Fengze Liu, Weidong Zhou, Binbin Liu, Zhimiao Yu, Yifan Zhang, Haobin Lin, Yifeng Yu, Xiaohuan Zhou, Taifeng Wang, Yong Cao

2025-04-25

QuaDMix: Quality-Diversity Balanced Data Selection for Efficient LLM
  Pretraining

Summary

This paper talks about QuaDMix, a new system for picking out the best mix of training data for large language models so that the AI learns from both high-quality and diverse examples.

What's the problem?

The problem is that if you only train a language model on super high-quality data, it might not learn to handle different types of writing or topics.

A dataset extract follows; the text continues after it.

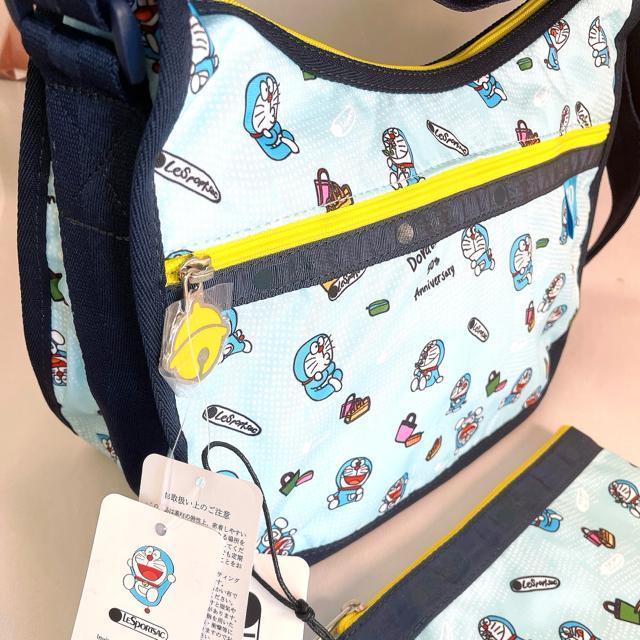 ★新品★LeSportsac レスポートサック ドラえもん 50周年 ショルダーバッグ ポーチ 7520 セット 送料無料 < 女性ファッション  ★新品★LeSportsac レスポートサック ドラえもん 50周年 ショルダーバッグ ポーチ 7520 セット 送料無料 < 女性ファッションの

But if you use only diverse data, you might end up with a lot of low-quality information that confuses the model or makes it less accurate.

What's the solution?

The researchers created QuaDMix, which is a method that carefully selects training data by balancing both quality and diversity. This way, the language model gets exposed to a wide range of topics and styles, but still learns from examples that are clear and reliable. This leads to better overall performance when the model is used for real-world tasks.

Why it matters?

This matters because it helps AI models become smarter and more adaptable, making them better at understanding and generating all kinds of text, from creative stories to technical explanations, which is useful for everyone who relies on AI for information or communication.

Abstract

A unified data selection framework called QuaDMix optimizes the distribution of training data for large language models by balancing quality and diversity, leading to improved performance.